3. Definitely get the SWG!! Not even debatable.

4. I have ozone, but would only recommend it for those who are technically minded about the stuff or those installing ORP controllers with there SWG and want reliable automation.

5. Keep trees and limbs as far back from the pool as possible.... Real problem here in the fall.

6. I also have a cartridge filter and love it....however you want to oversize it. I recommend at least one size large than what the builder quoted you. Otherwise you will be cleaning it more frequently.

7. If you get a heater, NG will be cheaper to operate than electric. Also make sure the heat exchanger is warranties for a salt water pool.

8. Never heard of the pool controller mentioned....maybe someone else on the forum can comment.

9. Have the builder run a line from the equipment pad to the street to when you drain the pool the water has a place to go without you having to hook up a flexible hose.

10. Did you mention a pool cleaner? I am her pleased with my Polaris 280.. Other good ones out there too I am sure.
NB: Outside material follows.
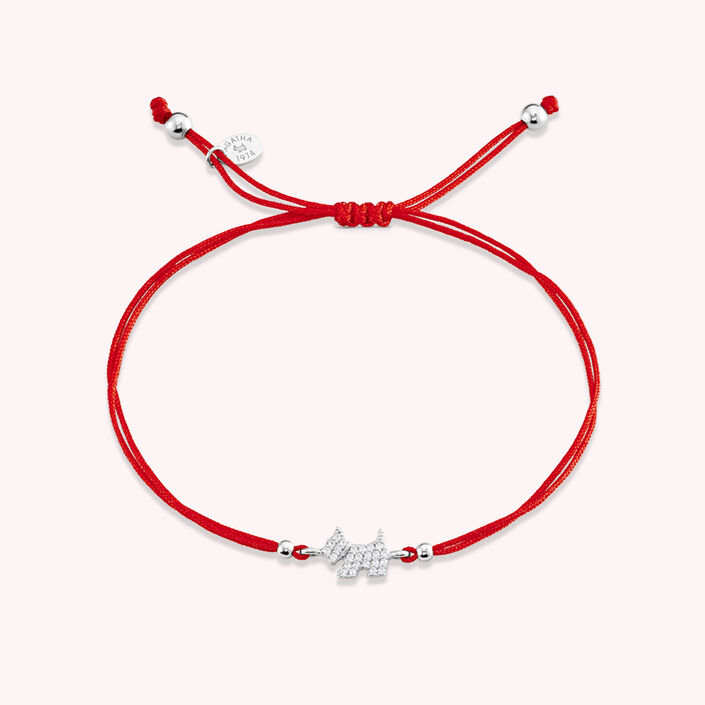 Cord bracelet PAVSCOT - Crystal / Red - All bracelets  | Agatha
11. Make the builder do a nice job of building your equipment pad. This means a nice POURED concrete slab that is one piece with a foot or two of landscape gravel around that with a landscape border around that. The gravel is because it gets wet in this area when working on equipment. The traveled area is also where all the PVC plumbing should come up out of the ground. Don't let them pour concrete around the plumbing.

12. Have them use at least 2" plumbing on the filter circuit. Larger is even better for lowering your electric bill.
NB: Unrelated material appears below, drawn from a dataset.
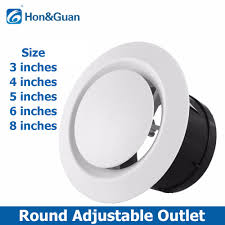 Great savings & free delivery / collection on many items. Hon Guan 3 4 5 6 8 Inches Round Adjustable Outlet Wall Air Vent Ventilation Cover Corner Vents For Duct Fan Exhaust Fan Lazada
My pool had an offline chlorinator when I bought it. I removed it. Takes up space. Is too small to accept the larger cal-hypo tablets which can be dropped in the skimmer basket anyway.

Ask about placing one of the pool returns near your entry steps to remove dirt that might settle there and is potentially too shallow for your pool cleaner to reach.
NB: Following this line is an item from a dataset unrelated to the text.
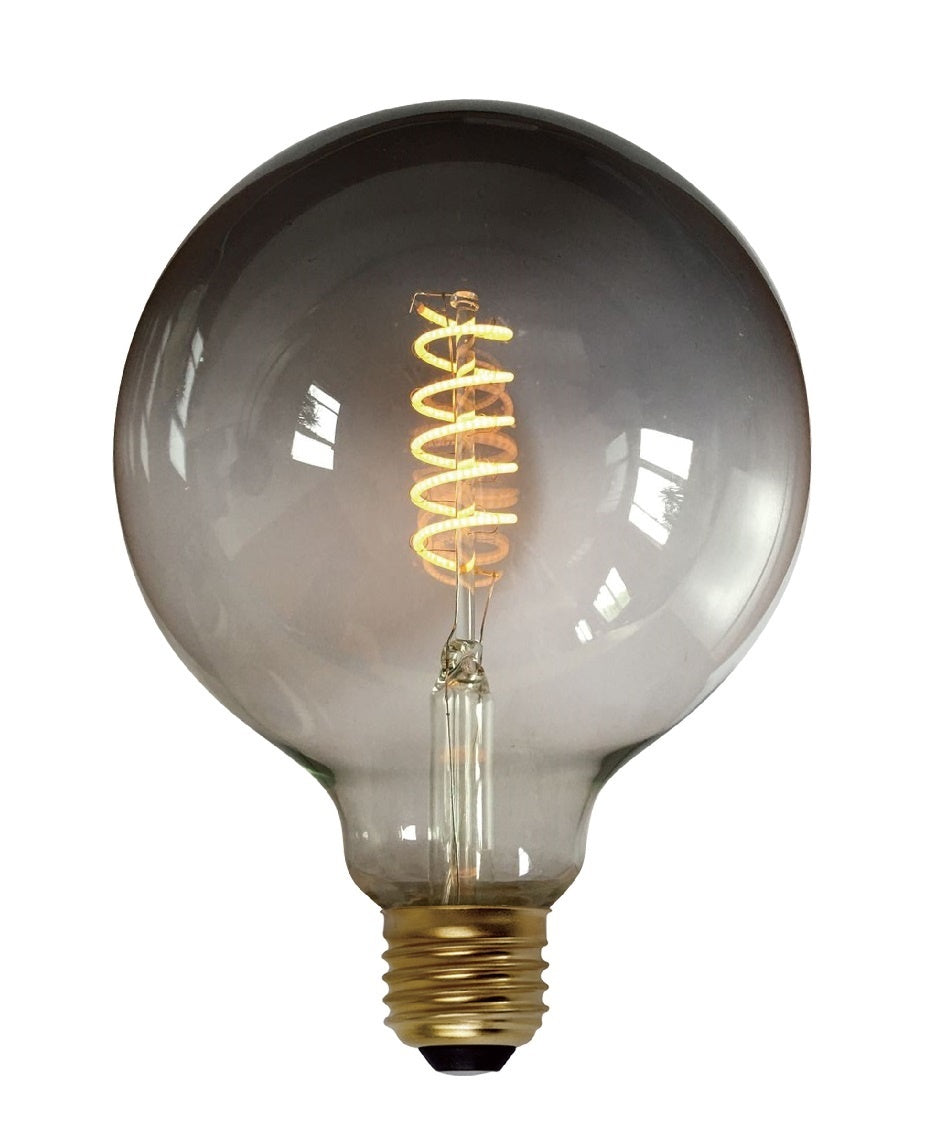 Freelight E27 7Watt Led Smoke 125mm incl. Stappen Dimmer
Now is the time to have an auto water level fill line and device installed. Can't add it after the build.

Keep us posted

Good luck



learthur

Glad to finally here from someone with a Delozone system. You have pushed over the edge in favor fo the SWCG. Who buildt your pool? I don't have a whole lot of choice on the trees. I live in the country, and even if I cut down every tree in my yard, I would still have tree trouble. I am getting the Polaris 280 as well. Still not quite sure that the 6 ft spill over is going to be a big problem. As I understand from the previous poster, it's more a matter of electricity usage. Is that what you are thinking as well? Thanks for the other tips as well. We have spoken with numerous pool builders in the Conroe/Woodlands area:

Sensation (Montgomery)
Blue Water (Conroe)
Anthony & Sylvan (Spring)
Platinum (Houston)

We are currently leaning toward Mirage Custom Pools out of Conroe (http://www.mirageswimmingpools.com/). However, we also have Topaz Pools we are considering (http://www.topazpools.com/).

Going to look at a couple of pools this afternoon in Tomball with the Mirage people. Will let you know how it turns out.

P.S. Our heater will be propane. Thanks again for everyone's help.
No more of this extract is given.